The cover story of the October 2012 issues of Texas Monthly focused over the battles being fought by the Board of Regents of both the University of Texas and to a lessor extent Texas A&M University against the administrations of those two schools. (Texas Monthly is a 40 year old publication that is something akin to The New Yorker for the state of Texas.) The author of the story is Paul Burka, one of the best political reporters in the state.
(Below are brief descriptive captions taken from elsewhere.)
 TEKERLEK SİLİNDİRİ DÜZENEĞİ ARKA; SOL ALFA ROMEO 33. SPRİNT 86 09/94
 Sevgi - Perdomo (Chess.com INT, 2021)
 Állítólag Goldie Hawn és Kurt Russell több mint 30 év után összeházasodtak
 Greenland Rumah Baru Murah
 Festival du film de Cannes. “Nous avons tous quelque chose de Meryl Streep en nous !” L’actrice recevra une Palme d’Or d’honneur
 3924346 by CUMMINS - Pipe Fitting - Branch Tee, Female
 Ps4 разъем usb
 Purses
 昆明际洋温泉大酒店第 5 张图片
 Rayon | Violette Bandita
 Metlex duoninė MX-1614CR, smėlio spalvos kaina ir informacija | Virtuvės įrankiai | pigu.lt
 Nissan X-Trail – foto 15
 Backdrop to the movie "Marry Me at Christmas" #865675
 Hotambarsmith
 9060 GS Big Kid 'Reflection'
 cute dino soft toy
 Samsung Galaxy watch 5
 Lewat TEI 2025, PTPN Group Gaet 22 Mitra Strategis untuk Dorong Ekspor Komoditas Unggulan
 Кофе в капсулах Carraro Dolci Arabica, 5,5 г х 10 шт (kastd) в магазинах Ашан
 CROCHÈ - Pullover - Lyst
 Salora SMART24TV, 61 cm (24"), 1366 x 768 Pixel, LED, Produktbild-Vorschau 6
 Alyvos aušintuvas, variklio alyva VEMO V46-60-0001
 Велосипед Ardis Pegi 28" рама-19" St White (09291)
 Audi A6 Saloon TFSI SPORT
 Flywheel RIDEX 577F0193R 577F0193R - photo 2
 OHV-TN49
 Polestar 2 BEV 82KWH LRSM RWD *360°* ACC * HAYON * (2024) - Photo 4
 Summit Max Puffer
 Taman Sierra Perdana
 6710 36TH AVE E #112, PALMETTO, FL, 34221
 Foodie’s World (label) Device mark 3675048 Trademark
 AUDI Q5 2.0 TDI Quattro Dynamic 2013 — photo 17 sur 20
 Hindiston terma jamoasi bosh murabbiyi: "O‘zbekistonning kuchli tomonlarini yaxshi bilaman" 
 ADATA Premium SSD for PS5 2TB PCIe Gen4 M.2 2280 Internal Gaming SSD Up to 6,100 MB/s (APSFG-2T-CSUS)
If that sounds like a fairly minor distinction, keep in mind that during Burka's 30 year career, two Texans have ended up in the White House (George Bush and George W. Bush), three have made serious runs for their party's presidential nomination (John Connally, Phil Gramm, and Rick Perry), another made two serious independent runs for president (H. Ross Perot), another was the vice presidential nominee of his party (Lloyd Benson), and a dozen or so have served in the cabinet.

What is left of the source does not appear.